Responding to an avalanche of public outrage—including thousands of e-mails from United Farm Workers’ supporters—one of the scandals over which Environmental Protection Agency Administrator Scott Pruitt resigned includes trying to reverse stronger protections for farm workers from toxic pesticides that most American workers enjoyed for decades. The UFW worked closely with the Obama administration in implementing the strengthened standards in 2015. Pruitt and the Trump administration have been attempting to reconsider the minimum age requirement that prohibits children from applying pesticides, the right of farm workers to designate representatives who can access pesticide-application information on their behalf and protections for farm workers and bystanders when pesticides drift from the fields where they are applied.
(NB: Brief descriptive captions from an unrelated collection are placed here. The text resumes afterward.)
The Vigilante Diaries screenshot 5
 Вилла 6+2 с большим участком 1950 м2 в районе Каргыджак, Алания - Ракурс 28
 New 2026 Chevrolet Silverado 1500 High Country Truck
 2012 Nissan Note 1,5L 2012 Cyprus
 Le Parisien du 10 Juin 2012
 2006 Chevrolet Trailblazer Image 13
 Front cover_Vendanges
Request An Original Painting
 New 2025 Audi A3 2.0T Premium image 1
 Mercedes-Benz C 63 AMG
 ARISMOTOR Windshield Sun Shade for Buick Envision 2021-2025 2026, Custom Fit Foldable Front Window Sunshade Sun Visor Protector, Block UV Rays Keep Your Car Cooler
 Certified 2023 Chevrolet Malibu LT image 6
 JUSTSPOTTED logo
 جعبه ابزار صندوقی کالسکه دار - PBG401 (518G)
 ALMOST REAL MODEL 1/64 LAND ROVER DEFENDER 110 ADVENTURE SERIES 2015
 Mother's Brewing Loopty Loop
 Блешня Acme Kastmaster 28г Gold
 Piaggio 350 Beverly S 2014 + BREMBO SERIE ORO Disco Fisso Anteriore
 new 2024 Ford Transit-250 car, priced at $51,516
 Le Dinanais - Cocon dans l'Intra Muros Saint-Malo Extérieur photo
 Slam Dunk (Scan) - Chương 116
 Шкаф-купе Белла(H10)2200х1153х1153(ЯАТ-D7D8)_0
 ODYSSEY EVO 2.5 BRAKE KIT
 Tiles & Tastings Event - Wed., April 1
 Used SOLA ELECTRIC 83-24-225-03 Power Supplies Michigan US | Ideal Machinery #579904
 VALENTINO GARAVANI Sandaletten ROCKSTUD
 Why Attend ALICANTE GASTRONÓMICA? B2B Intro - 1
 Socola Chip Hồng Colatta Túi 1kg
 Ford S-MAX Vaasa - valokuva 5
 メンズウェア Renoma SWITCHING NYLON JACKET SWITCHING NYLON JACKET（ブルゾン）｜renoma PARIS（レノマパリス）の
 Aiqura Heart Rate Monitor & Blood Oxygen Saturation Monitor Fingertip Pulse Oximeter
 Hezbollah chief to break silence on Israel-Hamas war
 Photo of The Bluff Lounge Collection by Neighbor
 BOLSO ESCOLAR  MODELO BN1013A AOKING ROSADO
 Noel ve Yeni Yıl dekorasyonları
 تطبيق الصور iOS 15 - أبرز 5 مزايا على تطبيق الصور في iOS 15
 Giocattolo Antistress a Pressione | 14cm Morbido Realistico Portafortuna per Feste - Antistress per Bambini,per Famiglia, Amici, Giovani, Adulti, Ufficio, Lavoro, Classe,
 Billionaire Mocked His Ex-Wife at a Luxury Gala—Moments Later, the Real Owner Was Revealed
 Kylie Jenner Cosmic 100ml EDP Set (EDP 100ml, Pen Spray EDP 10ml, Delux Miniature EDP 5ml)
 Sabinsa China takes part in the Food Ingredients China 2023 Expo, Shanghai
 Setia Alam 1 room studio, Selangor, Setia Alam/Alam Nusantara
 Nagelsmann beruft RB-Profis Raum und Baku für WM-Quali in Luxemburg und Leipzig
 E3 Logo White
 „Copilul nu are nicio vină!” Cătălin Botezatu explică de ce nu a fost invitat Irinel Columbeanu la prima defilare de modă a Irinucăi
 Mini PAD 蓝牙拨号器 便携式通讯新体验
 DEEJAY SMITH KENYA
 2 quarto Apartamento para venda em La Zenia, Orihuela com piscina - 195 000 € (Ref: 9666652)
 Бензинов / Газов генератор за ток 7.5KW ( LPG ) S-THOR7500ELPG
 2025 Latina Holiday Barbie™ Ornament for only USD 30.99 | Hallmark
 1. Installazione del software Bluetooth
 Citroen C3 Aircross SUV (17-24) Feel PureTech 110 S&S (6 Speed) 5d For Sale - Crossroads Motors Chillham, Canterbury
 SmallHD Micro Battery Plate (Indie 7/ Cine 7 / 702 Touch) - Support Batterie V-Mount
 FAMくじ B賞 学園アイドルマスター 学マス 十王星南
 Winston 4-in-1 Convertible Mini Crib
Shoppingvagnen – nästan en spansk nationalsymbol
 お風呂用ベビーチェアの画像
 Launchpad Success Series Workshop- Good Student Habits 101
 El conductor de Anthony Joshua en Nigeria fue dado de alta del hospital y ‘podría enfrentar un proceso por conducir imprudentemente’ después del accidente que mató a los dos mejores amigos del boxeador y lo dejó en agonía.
There are about 500,000 child farm workers across the nation and as many as 20,000 workers are diagnosed with pesticide poisoning each year, according to the Centers for Disease Control and Prevention. The UFW and UFW Foundation believe many more cases go undiagnosed or unreported.
Underage farm workers should not apply and handle dangerous chemicals that can harm their developing brains and bodies. Now that Pruitt is gone, will Trump’s EPA continue attempting to weaken the pesticide protections? Trump replaced Pruitt with Andrew Wheeler, a former lobbyist for the coal industry.